===== DATA UNDER STUDY =====

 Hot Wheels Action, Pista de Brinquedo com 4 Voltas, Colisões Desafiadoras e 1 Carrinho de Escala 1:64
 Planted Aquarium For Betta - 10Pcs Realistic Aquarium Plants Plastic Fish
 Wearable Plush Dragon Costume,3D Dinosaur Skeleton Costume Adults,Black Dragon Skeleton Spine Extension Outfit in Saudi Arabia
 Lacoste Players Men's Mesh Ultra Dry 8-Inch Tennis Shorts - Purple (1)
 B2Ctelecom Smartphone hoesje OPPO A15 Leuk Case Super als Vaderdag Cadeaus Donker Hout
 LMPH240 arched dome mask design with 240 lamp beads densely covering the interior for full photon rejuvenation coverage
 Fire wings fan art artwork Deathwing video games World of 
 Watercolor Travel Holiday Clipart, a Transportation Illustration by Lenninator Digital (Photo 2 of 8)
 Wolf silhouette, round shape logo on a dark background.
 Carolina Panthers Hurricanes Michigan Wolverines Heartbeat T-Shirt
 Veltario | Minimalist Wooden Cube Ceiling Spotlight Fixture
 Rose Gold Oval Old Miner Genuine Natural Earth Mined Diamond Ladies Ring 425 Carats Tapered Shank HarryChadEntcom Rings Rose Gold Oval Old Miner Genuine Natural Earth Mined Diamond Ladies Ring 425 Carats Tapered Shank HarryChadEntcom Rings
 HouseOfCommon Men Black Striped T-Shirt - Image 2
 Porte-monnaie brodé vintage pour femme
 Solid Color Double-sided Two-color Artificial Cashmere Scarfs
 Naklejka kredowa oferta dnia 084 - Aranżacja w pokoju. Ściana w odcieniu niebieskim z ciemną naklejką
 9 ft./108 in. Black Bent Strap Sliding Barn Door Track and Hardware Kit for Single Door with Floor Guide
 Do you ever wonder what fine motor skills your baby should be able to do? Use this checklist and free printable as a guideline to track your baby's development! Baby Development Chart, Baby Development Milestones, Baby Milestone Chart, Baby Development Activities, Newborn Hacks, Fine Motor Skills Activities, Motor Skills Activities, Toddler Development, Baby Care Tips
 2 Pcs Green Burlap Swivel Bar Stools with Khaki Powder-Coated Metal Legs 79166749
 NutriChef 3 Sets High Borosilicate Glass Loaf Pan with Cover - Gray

=====

Among the lines above, which hold the word "Shirt"? Report each one.

 Carolina Panthers Hurricanes Michigan Wolverines Heartbeat T-Shirt
 HouseOfCommon Men Black Striped T-Shirt - Image 2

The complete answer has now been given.